The following are some emissions trading schemes proposed or in operation around the world:


Description of scheme

European Union

European Union Emissions Trading Scheme (EU ETS)
Commencing in 2005, the EU ETS is the world’s first and largest mandatory Cap and trade scheme for CO2 emissions covers all 28 EU members states, and three non-members (Iceland, Liechtenstein and Norway).


Japan Voluntary Emission Trading Scheme (JV ETS)
Japan has operated a voluntary emissions trading schemes since in 2005 that covers CO2 emissions from fuel consumption, electricity and heat, waste management and industrial process from over 300 companies. Consideration for a mandatory ETS in Japan is ongoing.

New Zealand

New Zealand Emissions Trading Scheme (NZ ETS)
In operation since 2008, the mandatory NZ ETS currently covers emissions from forestry, stationary energy, industrial processes and liquid fossil fuels, which are collectively responsible for roughly 50 per cent of New Zealand’s emissions. Emissions from waste are covered by the NZ ETS from 2013, while emissions from synthetic gases are covered by the NZ ETS or a levy from 2013 . Since 1 January 2012, the agricultural sector has had mandatory reporting obligations under the NZ ETS.
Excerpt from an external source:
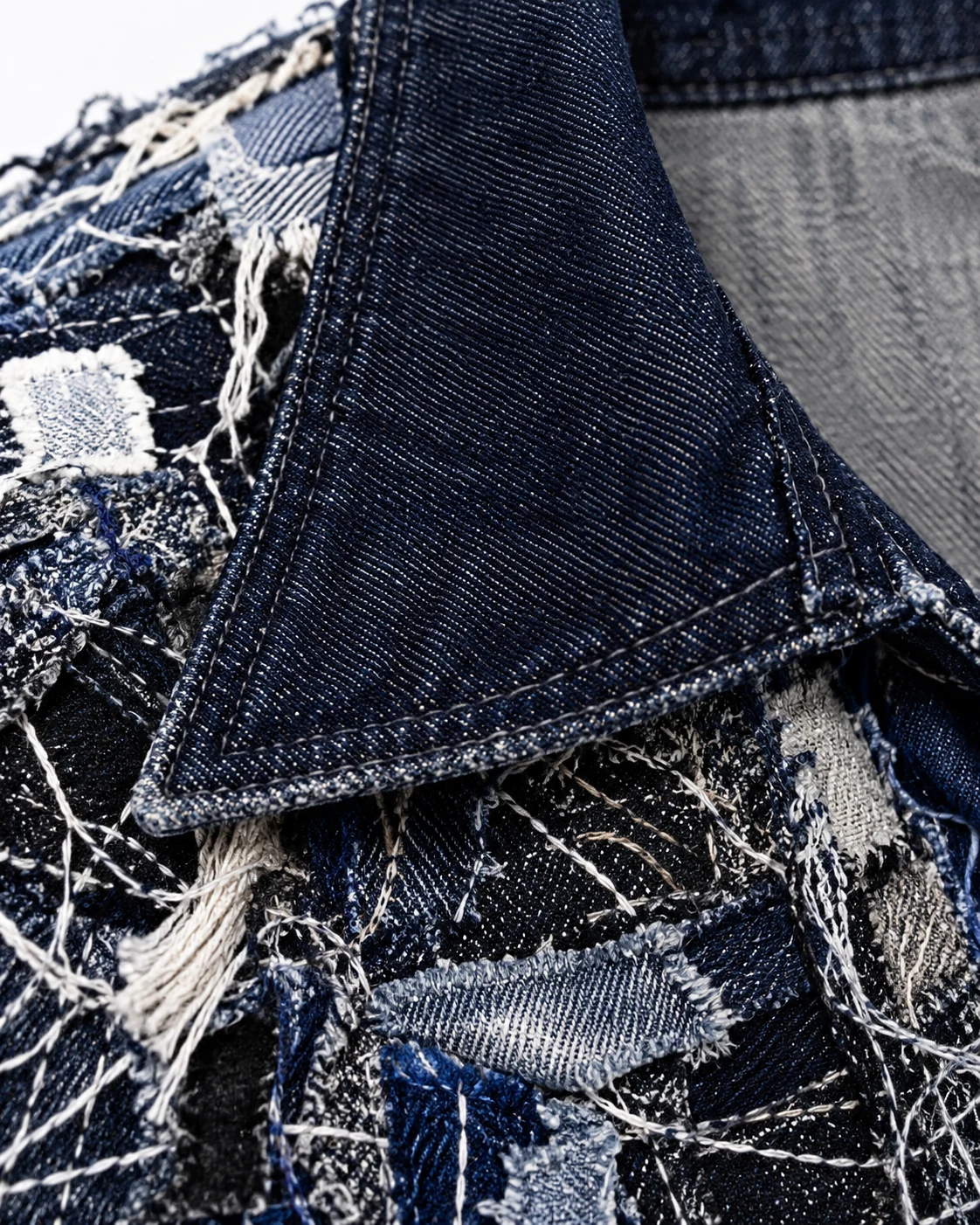 Dark Blue Reconstructed Scrap Denim Jacket — AI design reference 4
People’s Republic of China

China launched pilot emissions trading schemes in seven provinces and cities in 2013 with a view to develop a nationwide trading scheme.

Republic of Korea

Korea’s emissions trading scheme started in January 2015 and it requires about 470 of Korea’s largest polluters to pay for their CO2 emissions, collectively covering roughly 60 percent of Korea’s greenhouse gas emissions.


The Swiss Emissions Trading Scheme, which began on 1 January 2008, is a voluntary scheme run in conjunction with an exemption from the mandatory CO2 taxes.  The scheme covers CO2 emissions from large companies or groups of companies that opt in to the scheme.

United Kingdom

CRC Energy Efficiency Scheme
Established in 2010, the CRC Energy Efficiency Scheme is a mandatory cap and trade scheme applying to large non energy-intensive organisations in the public and private sectors that are not covered by the EU ETS.  These organisations are responsible for around ten percent of the United Kingdom’s emissions.

United States

Progress is underway in California to design a cap-and-trade scheme that is required by the Global Warming Solutions Act of 2006 to begin in 2012.  Roughly 85 percent of greenhouse gas emissions in the state from 360 businesses will be covered by the scheme.

Regional Greenhouse Gas Initiative (RGGI)
RGGI is a mandatory cap and trade scheme covering 209 fossil fuel electricity generators across ten north-eastern states in the United States.  It requires participants to hold a tradable allowance for each tonne of CO2 they emit by purchasing auctioned units or carbon offsets.

Western Climate Initiative (WCI)
The WCI is a  collaboration between 10 Western US States and  Canadian Provinces.  The cap-and-trade scheme is due to begin on January 1, 2012, covering emissions from electricity, electricity imports, industrial combustion, and industrial process emissions.  It is expected to be expanded in 2015  to include transportation fuels and residential, commercial and industrial fuels.  Approximately two-thirds of total emissions in the WCI jurisdictions will be covered initially, while nearly 90 percent of the GHG emissions in WCI states and provinces will be covered by 2015.